Já comentei que, em literatura, mais importante do que o que se fala, é o modo como se fala. Tem quem discorde. Mas veja como a genialidade de quem sabe escrever aparece até numa discussão sobre os dados de um recenseamento.

E por falar neste animal, publicou-se há dias o recenseamento do Império, do qual se colige que 70% da nossa população não sabem ler.
Gosto dos algarismos, porque não são de meias medidas nem de metáforas. Eles dizem as coisas pelo seu nome, às vezes um nome feio, mas não havendo outro, não o escolhem. São sinceros, francos, ingênuos. As letras fizeram-se para frases; o algarismo não tem frases, nem retórica.
Assim, por exemplo, um homem, o leitor ou eu, querendo falar do nosso país, dirá:
– Quando uma Constituição livre pôs nas mãos de um povo o seu destino. força é que este povo caminhe para o futuro com as bandeiras do progresso desfraldadas. A soberania nacional reside nas Câmaras; as Câmaras são a representação nacional. A opinião pública deste país é o magistrado último, o supremo tribunal dos homens e das coisas. Peço à nação que decida entre mim e o Sr. Fidélis Teles de Meireles Queles; ela possui nas mãos o direito a todos superior a todos os direitos.
A isto responderá o algarismo com a maior simplicidade:
– A nação não sabe ler. Há só 30% dos indivíduos residentes neste país que podem ler; desses uns 9% não lêem letra de mão. 70% jazem em profunda ignorância. Não saber ler é ignorar o Sr. Meireles Queles; é não saber o que ele vale, o que ele pensa, o que ele quer; nem se realmente pode querer ou pensar. 70% dos cidadãos votam do mesmo modo que respiram: sem saber porque nem o quê. Votam como vão à festa da Penha, – por divertimento. A Constituição é para eles uma coisa inteiramente desconhecida. Estão prontos para tudo: uma revolução ou um golpe de Estado.
Replico eu:
– Mas, Sr. Algarismo, creio que as instituições…
– As instituições existem, mas por e para 30% dos cidadãos. Proponho uma reforma no estilo político. Não se deve dizer: “consultar a nação, representantes da nação, os poderes da nação”; mas – “consultar os 30%, representantes dos 30%, poderes dos 30%”. A opinião pública é uma metáfora sem base; há só a opinião dos 30%. Um deputado que disser na Câmara: “Sr. Presidente, falo deste modo porque os 30% nos ouvem…” dirá uma coisa extremamente sensata.
E eu não sei que se possa dizer ao algarismo, se ele falar desse modo, porque nós não temos base segura para os nossos discursos, e ele tem o recenseamento.

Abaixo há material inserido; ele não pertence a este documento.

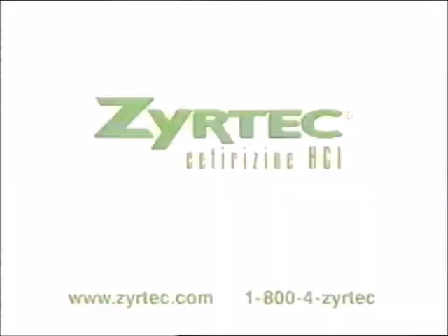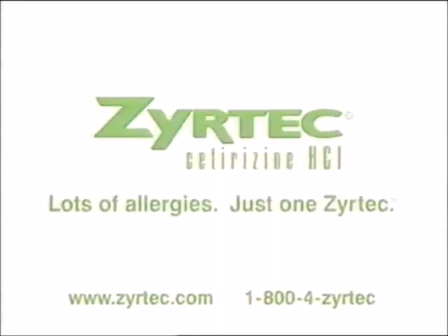Ask your doctor about switching to Zyrtec. Zyrtec — lots of allergies, just one Zyrtec.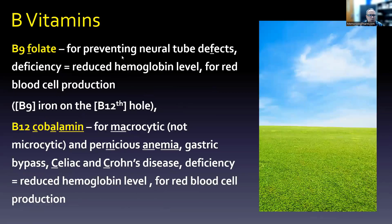B9 is folate. This is where we want to prevent neural tube defects — think of the F in folate and the F in defects. Deficiency causes a reduced hemoglobin level, and B9 is critical for red blood cell production. You need B9, iron, and B12 together. Think of a 9-iron being used on the 12th hole in golf, putting the 9, the iron, and the 12 all together. B9 iron on the B12 hole.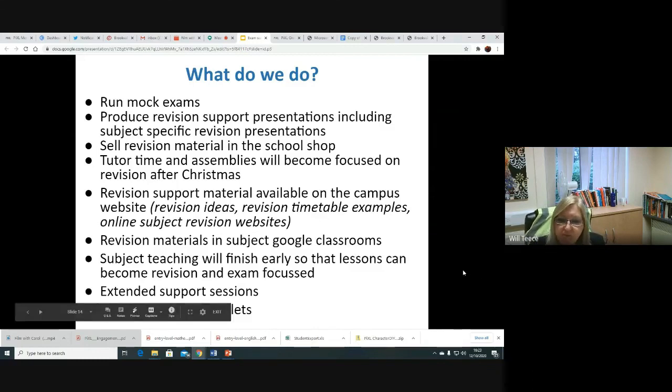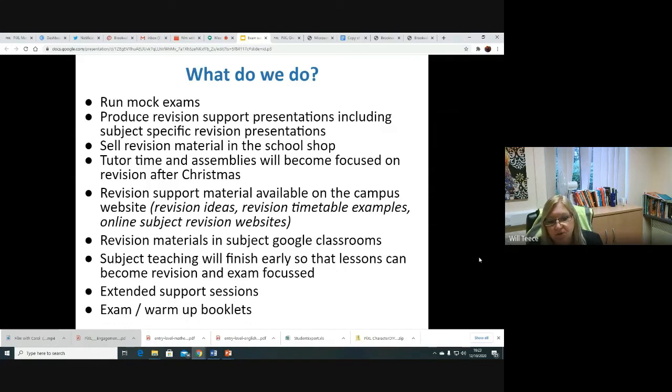I hope that this has been useful and given you an idea of what you can do and what we're going to do to support. There'll be lots of opportunities for you to get in touch with us and to listen to more of these videos. Thank you very much for your time and good luck to all our students who will be taking their mock exams soon. Thank you. Good night.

É ele mesmo: Machado de Assis. História de 15 dias.

A propósito, os textos eletrônicos dele estão cheios de erros porque o material que lhes serve de base parece ter sido escaneado; a correção foi feita sem a devida atenção. É legal pôr isso tudo online e eu imagino o trabalhão. Mas será que pagar alguém para fazer uma revisão cuidadosa no texto final teria saído realmente muito caro? Ele não merece esse cuidado?

Quando alguém me diz que “simplesmente adora Machado”, eu fico com vontade de perguntar qual edição. Seria essa?





simplesmente bom

8 11 2007

Registrou a semana um fato triste e consolador ao mesmo tempo. Morreu um homem, que era inteligente, ilustrado e laborioso; mas que era também um homem bom. Os qualificativos estão já tão gastos que dizer homem bom, parece que é não dizer nada. Mas quantos merecem rigorosamente esta qualificação tão simples e tão curta? O grande assombra, o glorioso ilumina, o intrépido arrebata; o bom não produz nenhum desses efeitos. Contudo, há uma grandeza, há uma glória, há uma intrepidez em ser simplesmente bom, sem aparato, nem interesse, nem cálculo; e sobretudo sem arrependimento.